Planning under uncertainty
Even when working under conditions of great uncertainty, there are strategies which can be used to ensure a more effective response.
We have previously looked at factors that can generate uncertainty about systems operations and future predictions, including perceptual unreliability, gaps in knowledge, conflicting perspectives, powerlessness and irreducible randomness.
However, the total impact of uncertainty on planning ranges on a spectrum falling somewhere between total determinism and total uncertainty. The polar extremes do not exist in practice, since this would require either a universe of zero free will or the existence of purely arbitrary magic, respectively.
To develop a suitable approach in response, there are four basic modalities of uncertainty that have distinct strategies for goal-setting and prediction, ranging from the most stable to the most unpredictable environments:
Level 1 uncertainty
When in a state of level 1 uncertainty, outcomes are assumed to proceed predictably in almost all circumstances. Planning assessments focus on the impacts of low-probability deviations from expected results (planned loss events), and the vulnerability to loss if any underlying assumptions are wrong (unplanned loss events).
Key tools used in level 1 include:
Single adverse event exposure management
Sensitivity analysis of assumptions
Level 2 uncertainty
In level 2 uncertainty, the system under assessment yields useful results when modelled, including the assignment of probabilities of relating to input variance, resultant actions, and value outcomes from expected future scenarios.

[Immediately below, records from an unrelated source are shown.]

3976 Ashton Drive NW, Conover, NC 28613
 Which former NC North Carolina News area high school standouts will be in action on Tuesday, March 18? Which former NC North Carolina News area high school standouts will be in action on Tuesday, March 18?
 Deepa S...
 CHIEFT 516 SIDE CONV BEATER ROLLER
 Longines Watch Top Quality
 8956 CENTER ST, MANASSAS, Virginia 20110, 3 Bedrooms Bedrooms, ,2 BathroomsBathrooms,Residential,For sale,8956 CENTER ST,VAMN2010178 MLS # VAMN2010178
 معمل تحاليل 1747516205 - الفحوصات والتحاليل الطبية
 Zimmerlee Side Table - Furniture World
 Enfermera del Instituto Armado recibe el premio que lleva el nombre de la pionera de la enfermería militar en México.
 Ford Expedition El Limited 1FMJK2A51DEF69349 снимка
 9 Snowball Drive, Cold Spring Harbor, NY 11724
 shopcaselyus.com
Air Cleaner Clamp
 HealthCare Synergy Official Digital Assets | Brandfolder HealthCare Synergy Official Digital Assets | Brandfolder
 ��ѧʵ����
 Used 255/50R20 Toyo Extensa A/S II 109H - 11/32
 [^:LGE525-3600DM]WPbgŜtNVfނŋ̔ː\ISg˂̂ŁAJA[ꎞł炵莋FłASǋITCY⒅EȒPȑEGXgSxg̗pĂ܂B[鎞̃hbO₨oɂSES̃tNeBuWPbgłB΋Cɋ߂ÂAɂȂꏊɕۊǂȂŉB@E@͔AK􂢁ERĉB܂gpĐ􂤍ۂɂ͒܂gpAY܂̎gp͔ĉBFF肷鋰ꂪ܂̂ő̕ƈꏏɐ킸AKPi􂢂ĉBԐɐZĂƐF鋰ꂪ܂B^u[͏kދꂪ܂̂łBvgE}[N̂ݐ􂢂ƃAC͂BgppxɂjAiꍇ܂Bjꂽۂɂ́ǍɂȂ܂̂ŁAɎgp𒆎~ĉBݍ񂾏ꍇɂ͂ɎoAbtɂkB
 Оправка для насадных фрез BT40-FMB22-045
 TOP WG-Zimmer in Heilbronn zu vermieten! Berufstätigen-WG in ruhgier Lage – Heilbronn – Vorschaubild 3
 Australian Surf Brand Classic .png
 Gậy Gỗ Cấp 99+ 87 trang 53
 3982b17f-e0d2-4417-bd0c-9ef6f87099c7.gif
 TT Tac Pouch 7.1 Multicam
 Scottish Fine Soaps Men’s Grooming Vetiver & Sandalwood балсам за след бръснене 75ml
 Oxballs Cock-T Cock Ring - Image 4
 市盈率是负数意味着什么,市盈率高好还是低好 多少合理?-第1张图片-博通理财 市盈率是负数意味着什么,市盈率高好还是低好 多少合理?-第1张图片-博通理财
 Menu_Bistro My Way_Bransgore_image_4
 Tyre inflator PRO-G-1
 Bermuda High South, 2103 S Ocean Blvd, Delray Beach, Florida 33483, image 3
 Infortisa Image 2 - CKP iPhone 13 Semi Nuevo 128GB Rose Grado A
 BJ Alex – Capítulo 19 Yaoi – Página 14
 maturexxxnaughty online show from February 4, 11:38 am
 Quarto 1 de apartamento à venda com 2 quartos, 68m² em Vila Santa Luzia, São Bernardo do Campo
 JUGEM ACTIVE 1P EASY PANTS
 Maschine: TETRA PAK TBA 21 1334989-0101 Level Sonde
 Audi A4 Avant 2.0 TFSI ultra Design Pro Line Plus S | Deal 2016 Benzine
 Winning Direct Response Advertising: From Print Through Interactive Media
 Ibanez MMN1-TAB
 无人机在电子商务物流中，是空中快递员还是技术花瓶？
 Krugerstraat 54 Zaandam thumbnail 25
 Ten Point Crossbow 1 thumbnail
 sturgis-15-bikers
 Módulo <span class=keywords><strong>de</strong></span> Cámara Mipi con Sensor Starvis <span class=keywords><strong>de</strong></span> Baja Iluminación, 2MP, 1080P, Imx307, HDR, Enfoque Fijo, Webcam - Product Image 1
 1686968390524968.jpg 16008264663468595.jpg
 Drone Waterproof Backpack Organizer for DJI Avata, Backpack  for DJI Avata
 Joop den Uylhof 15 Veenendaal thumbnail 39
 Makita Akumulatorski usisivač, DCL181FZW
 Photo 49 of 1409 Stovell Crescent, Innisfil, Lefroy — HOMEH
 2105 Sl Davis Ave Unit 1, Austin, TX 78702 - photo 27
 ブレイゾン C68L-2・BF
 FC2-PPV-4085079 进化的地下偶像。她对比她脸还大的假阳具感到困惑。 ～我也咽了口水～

Key tools used in level 2 include:
Assessment of expected value / utility
Conventional risk management strategies based on modelled futures
Level 3 uncertainty
When operating under level 3 uncertainty, the probabilities of inputs or outcomes for the system cannot be determined with confidence, but there are a limited range of plausible futures resulting from the situation to consider.
Key tools used in level 3 include:
Scenario analysis to consider planned policy responses that will produce an acceptable planned or interim outcome for each scenario
Fitness-informed policy design
Planned outcomes are those in which the actioned policy will deliver a benefit or acceptable level of loss.
Interim outcomes are ones in which the actioned policy has passed a threshold for continuation, requiring the activation of a contingent policy response to develop a new approach.
For scenarios with interim outcomes, no attempt is made to forecast an acceptable outcome beyond the trigger for the contingency response. For example, disaster recovery plans do not plan in detail how system restoration will be achieved, but only for the successful activation of the disaster recovery team who will then design and implement a plan to stabilise and respond.
Policy design is always selected based on a system fitness trade off, for example:
Productivity policy – A policy with low sensitivity to loss and low contingent planning will deliver successful outcomes at lower cost if the forecast scenarios come to pass. Vulnerable to catastrophic collapse.
Resilience policy – A policy with high sensitivity to loss and high contingent planning. Low exposure to loss but unpredictable in delivery due to rapid pivots, which can make the organisation an unreliable partner.
Robustness policy – A policy that focuses on mitigating loss exposure to the organisation within default policy actions. This can be expensive to implement, but makes the organisation predictable across a greater range of scenarios.
Level 4 uncertainty
Finally, in level 4 and the deepest level of recognized uncertainty, either indicative but non-comprehensive sets of plausible futures can be described (level 4a), or the only thing known is that the set of possible futures is not known (level 4b). Level 4 uncertainty is rare, requiring that either:
No amount of information gathering would reduce analytical uncertainty, due to a comprehensive lack of knowledge about how to explain or predict the system mechanisms at play in the current situation, or
Future scenarios can be described and would be recognised as plausible after the fact, but there is no known way to leverage existing knowledge and past data to predict the circumstances under which it could arise in the future
Key tools to manage level 4 uncertainty include:
Action constraint analysis
Counterfactual exploration of unknowns to build assumption sets
Broaden environment scanning and weak signal association
Deep resilience development using contingent policy and assumed adaptation
A disciplined approach to uncertainty assessements can transform uncertainty from a source of action paralysis into a strategic driver of preparations across your organisation’s activities, supporting better outcomes delivery across the full spectrum from strong predictability to the fundamentally unknown.